Results: KIF23 was highly expressed in most tumors. Further, KIF23 was strongly correlated with prognosis, clinical grade, stage, immune subtype, TMB, MSI and immune microenvironment in different tumors. We found that KIF23 was significantly associated with all aspects of ccRCC. Then, 8 FRGs were identified to construct a risk score model together with KIF23. And a prognostic nomogram prediction model of OS was established. After GSEA analysis, cell cycle, condensed chromosome and other physiological processes were screened out. Finally, qRT-PCR verified the high expression of KIF23 in ccRCC cell lines than normal kidney cell line.
Conclusion: KIF23 may act as a pivotal part in occurrence and progression of different tumors.
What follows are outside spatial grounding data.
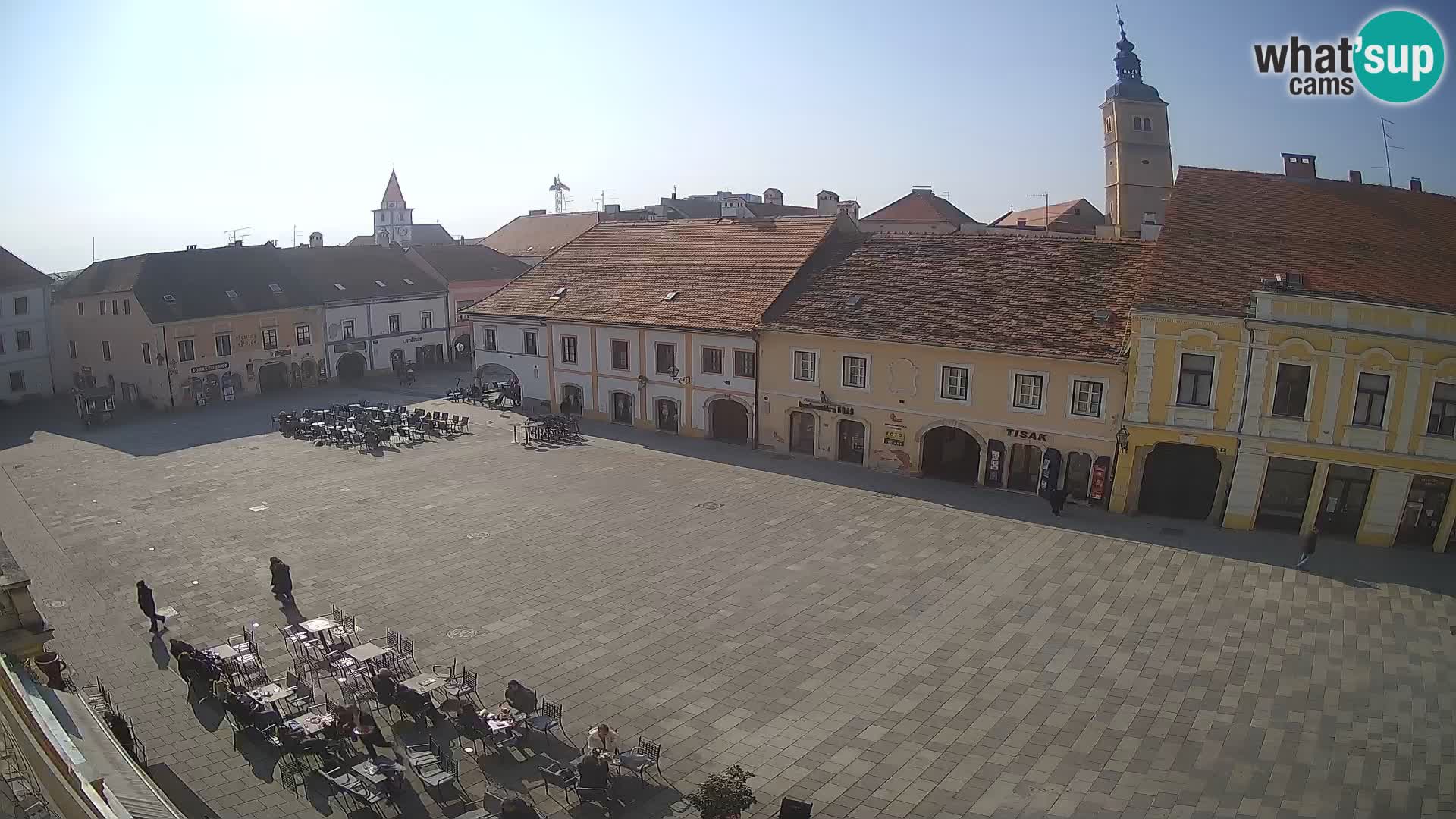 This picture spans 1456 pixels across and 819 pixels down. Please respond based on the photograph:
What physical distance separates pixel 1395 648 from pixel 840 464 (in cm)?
1820

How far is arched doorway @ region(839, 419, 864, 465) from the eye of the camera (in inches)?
1356

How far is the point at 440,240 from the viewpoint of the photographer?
354ft

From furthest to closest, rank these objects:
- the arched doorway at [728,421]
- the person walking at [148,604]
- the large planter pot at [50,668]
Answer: the arched doorway at [728,421] → the person walking at [148,604] → the large planter pot at [50,668]

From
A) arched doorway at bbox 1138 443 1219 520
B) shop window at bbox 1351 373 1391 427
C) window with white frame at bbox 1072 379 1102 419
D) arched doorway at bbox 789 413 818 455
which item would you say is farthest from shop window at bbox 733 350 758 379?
shop window at bbox 1351 373 1391 427

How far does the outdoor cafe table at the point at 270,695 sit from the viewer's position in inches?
655

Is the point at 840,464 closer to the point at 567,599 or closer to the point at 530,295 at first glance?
the point at 567,599

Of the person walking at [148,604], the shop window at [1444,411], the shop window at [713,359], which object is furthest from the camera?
the shop window at [713,359]

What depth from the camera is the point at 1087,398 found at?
96.0 feet

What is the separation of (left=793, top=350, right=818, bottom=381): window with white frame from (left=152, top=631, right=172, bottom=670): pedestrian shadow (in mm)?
22203

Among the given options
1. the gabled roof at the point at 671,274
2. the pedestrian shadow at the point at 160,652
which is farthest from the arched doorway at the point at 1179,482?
the pedestrian shadow at the point at 160,652

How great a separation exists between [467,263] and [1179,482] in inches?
2022

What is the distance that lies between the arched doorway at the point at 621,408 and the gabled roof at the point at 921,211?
39709 mm

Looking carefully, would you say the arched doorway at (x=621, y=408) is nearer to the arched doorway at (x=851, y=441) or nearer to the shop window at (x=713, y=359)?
the shop window at (x=713, y=359)

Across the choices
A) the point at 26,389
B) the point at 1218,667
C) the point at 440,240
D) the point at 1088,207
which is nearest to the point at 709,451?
the point at 1218,667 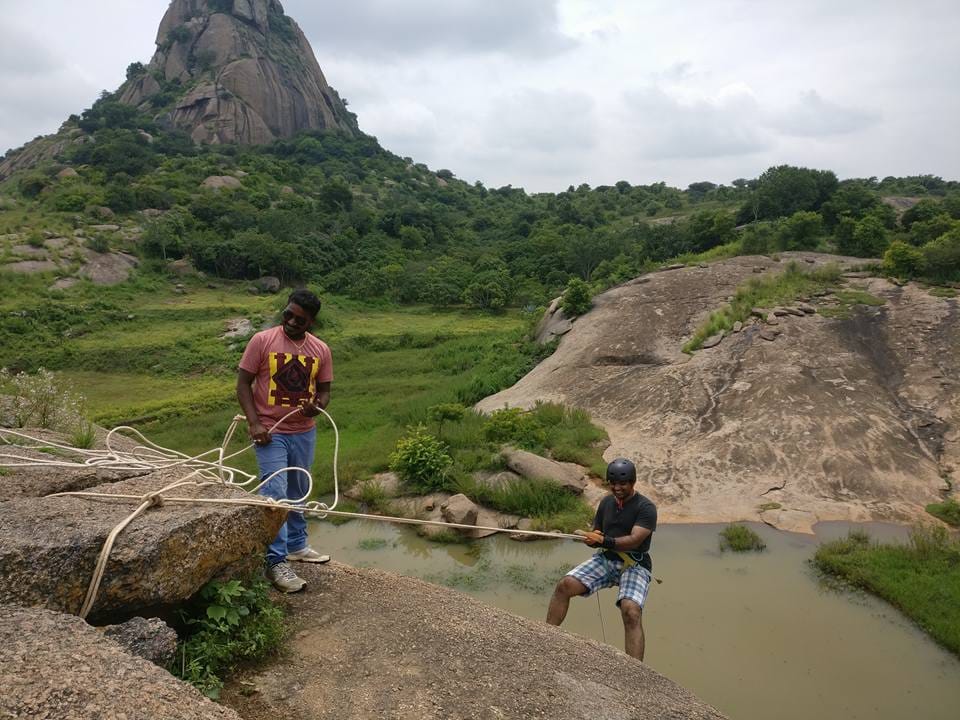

In ccRCC, KIF23 can be a great prognostic biomarker, and the nomogram based on KIF23 may contribute to better treatment plans for ccRCC patients.

Keywords: clear cell renal cell carcinoma, ferroptosis, nomogram

Introduction

According to the latest Global Cancer Statistics, the incidence of renal cell carcinoma (RCC) ranks 12th, with approximately 74,000 new cases in the United States in 2020.1 Clear cell renal cell carcinoma (ccRCC) accounts for 70–80% of all RCC and is one of the most aggressive pathological type.2 For localized ccRCC, surgical interventions are the best options.3 However, about 30% of renal cancer patients already present with metastasis at the time of initial diagnosis since there are no obvious symptoms in the early stage.4 One quarter of surgically treated patients will eventually develop cancer recurrence and metastasis.5 Although treatment options have advanced a lot, the prognosis of this disease remains poor, especially for patients with advanced stages.6 Therefore, this calls for exploration of more effective prognostic biomarkers and construction of more accurate prognostic models to provide better treatment decisions.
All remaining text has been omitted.